A Hot and Cold Running Genius:Glenn McGee on MacArthur Fellow Eva Harris

From this month's issue of The Scientist:

Eva Harris won the MacArthur "genius grant" in 1997 for plenty of reasons. As a Pew Scholar in 2001, her bench work on the molecular virology and pathogenesis of dengue virus - specifically, the determinants for viral transmission - was tied purposefully to developing the epidemiological capacity of scientists in developing countries. Harris has helped many aspiring scientists in the developing world. They learn from her to create and sustain programs of bench science "on the cheap." And sometimes, it bears fruit in vaccines and even the promise of translating what might look like rudimentary science into the promise of a cure for the predominant arthropod-borne disease in the world.

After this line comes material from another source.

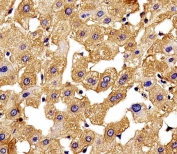 IHC testing of FFPE human liver tissue with HBG2 antibody. HIER: steam section in pH6 citrate buffer for 20 min and allow to cool prior to staining.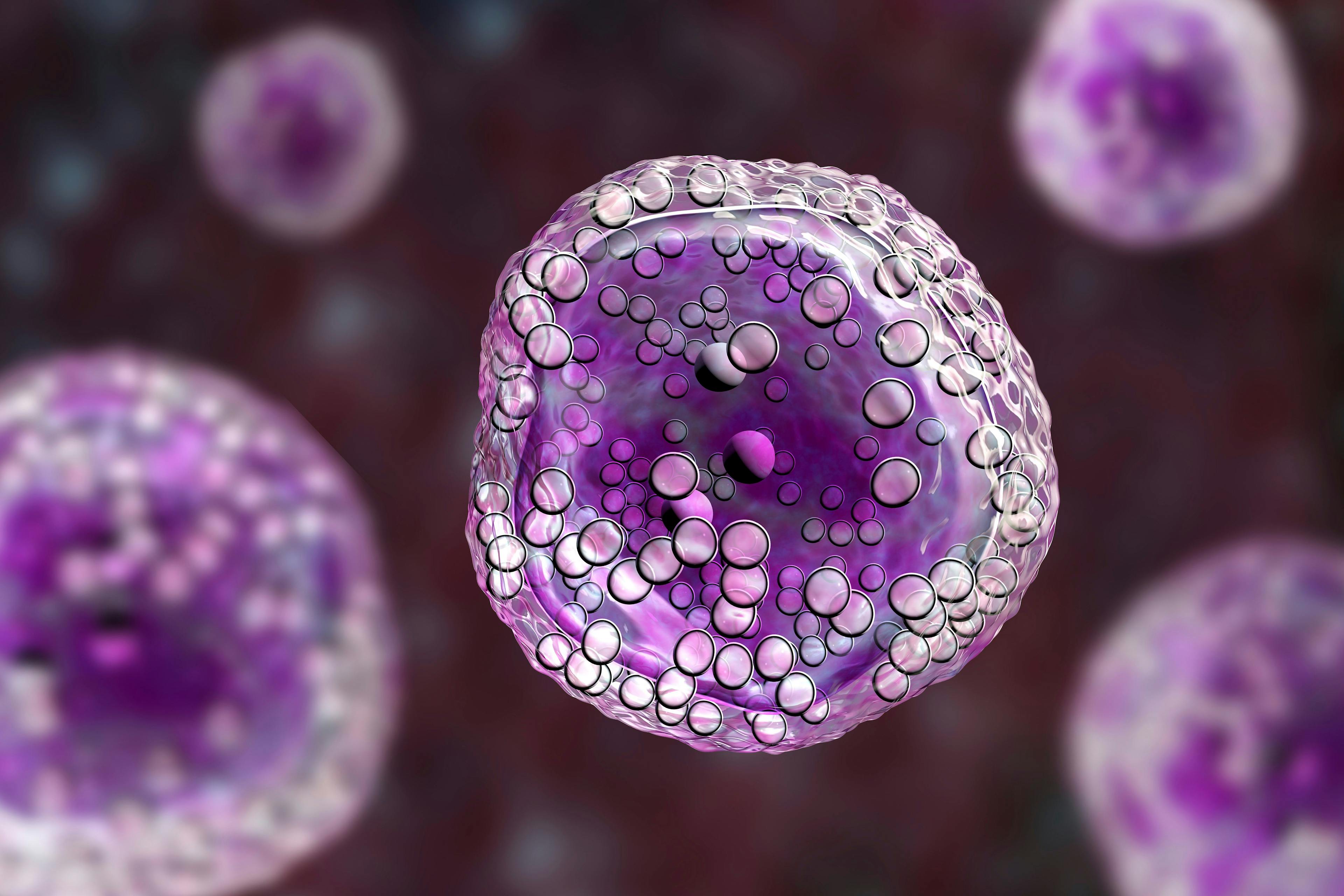 Lymphoma cell, a cancer of the lymphatic system: © Dr_Microbe - stock.adobe.com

Harris' genius, though, is in bioethics, although I find no record that she has ever used the term in her work. That's perhaps not surprising, given how much time bioethics seems to spend on "bad" scientists. I'm ready to tar Harris with the label "ethicist" because of her compulsive goodness. She can't seem to avoid fixating on "the cash value" of her work, and by that I do not mean the literal value she might have extracted from her most noteworthy accomplishment to date - the development of A Low Cost Approach to PCR: Appropriate Transfer of Biomedical Techniques - which brought DNA amplification to labs that could never have used it otherwise. No, for William James, who coined the term as part of the truly American philosophy of pragmatism, cash value was the cornerstone of ethical science: Science is good, he and John Dewey opined, when it works. Activism on behalf of vulnerable scientists and endangered people is just the sort of translation that scientists in training can point to as ethical genius.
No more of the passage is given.